Unter Auswilderung versteht man den Prozess, Tiere, die in Gefangenschaft aufgezogen wurden, langsam an ein Leben in der freien Natur zu gewöhnen. Mit dem Ziel, dass sie sich dauerhaft dort ansiedeln und selbständig fortpflanzen. Zu diesem Prozess gehört natürlich auch, dass sich die Menschen in der Umgebung an die neuen Nachbarn gewöhnen.
Bis ins Mittelalter bevölkerten Wisentherden die Wälder Europas. Wie die Bisons, ihre Verwandten in Nordamerika, haben die Menschen auch die Wisente gejagt und diese Anfang des 20. Jahrhunderts in der freien Wildbahn ausgerottet. Die Art hat einzig dank einiger Exemplare, die in Zoos und Tiergärten gehalten wurden, überlebt.

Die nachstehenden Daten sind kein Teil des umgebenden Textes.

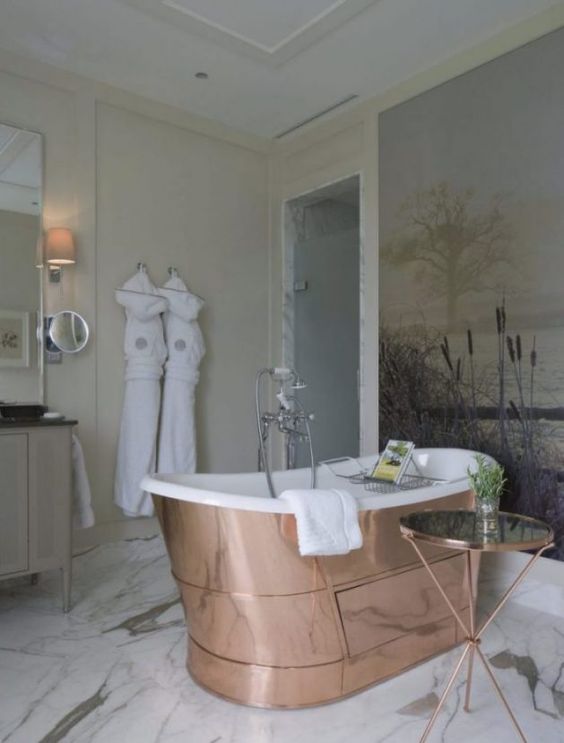 a delicate and neutral bathroom with tan walls and a gorgeous artwork on one of them, a shiny copper bathtub, a neutral vanity with a mirror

Heute gibt es dank Zucht- und Auswilderungsprojekten wieder zahlreiche freilebende Herden, vor allem im Kaukasus, in Polen, der Slowakei, Rumänien und Deutschland. Und nun also auch in der Schweiz – oder zumindest fast: Wie üblich hierzulande, wird ein solches Projekt sachte angegangen – unter Aufsicht und mit naturwissenschaftlicher Begleitung (für die Tiere) und psychologischem Support (für die Menschen) . Deshalb werden die Schweizer Wisente, die im Wildnispark Zürich in Gefangenschaft aufgewachsen sind, vorerst auf ein 100 Hektar grosses Areal in die Halbfreiheit entlassen.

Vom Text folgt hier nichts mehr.